**DATA FOR THIS EXERCISE**
<<<<

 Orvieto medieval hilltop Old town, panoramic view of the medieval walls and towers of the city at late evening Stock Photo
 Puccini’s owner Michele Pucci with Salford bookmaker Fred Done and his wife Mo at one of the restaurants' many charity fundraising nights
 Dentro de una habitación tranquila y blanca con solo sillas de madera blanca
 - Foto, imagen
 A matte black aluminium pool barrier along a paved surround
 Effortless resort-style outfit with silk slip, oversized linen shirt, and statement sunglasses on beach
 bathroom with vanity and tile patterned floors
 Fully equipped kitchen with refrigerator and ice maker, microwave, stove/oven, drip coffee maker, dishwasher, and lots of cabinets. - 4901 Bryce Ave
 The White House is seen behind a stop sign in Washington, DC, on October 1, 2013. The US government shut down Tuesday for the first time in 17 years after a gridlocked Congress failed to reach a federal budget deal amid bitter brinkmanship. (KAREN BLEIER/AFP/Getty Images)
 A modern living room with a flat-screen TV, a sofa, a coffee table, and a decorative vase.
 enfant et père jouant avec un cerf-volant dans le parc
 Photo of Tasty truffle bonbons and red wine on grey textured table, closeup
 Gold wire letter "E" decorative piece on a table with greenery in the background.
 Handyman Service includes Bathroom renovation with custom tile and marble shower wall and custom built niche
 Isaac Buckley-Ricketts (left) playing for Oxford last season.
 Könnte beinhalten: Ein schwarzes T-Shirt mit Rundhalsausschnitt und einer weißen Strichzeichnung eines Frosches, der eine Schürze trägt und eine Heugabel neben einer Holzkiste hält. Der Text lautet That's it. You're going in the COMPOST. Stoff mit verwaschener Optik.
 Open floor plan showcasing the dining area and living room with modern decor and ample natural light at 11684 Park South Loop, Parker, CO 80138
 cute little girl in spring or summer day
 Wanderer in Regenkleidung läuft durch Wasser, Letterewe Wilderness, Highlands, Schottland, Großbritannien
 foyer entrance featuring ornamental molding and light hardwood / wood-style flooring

>>>>

**WHAT THIS TASK INVOLVES**
Return every line of the listing above that contains "table".

**RESPONSE BELOW**
 A modern living room with a flat-screen TV, a sofa, a coffee table, and a decorative vase.
 Photo of Tasty truffle bonbons and red wine on grey textured table, closeup
 Gold wire letter "E" decorative piece on a table with greenery in the background.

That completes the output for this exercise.